Data provided:
>>>
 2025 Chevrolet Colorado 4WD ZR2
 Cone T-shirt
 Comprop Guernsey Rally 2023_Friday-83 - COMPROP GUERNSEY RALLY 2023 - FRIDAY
<<<
Exercise brief:
Please set down the entire material above exactly as presented.

Exercise answer:
 2025 Chevrolet Colorado 4WD ZR2
 Cone T-shirt
 Comprop Guernsey Rally 2023_Friday-83 - COMPROP GUERNSEY RALLY 2023 - FRIDAY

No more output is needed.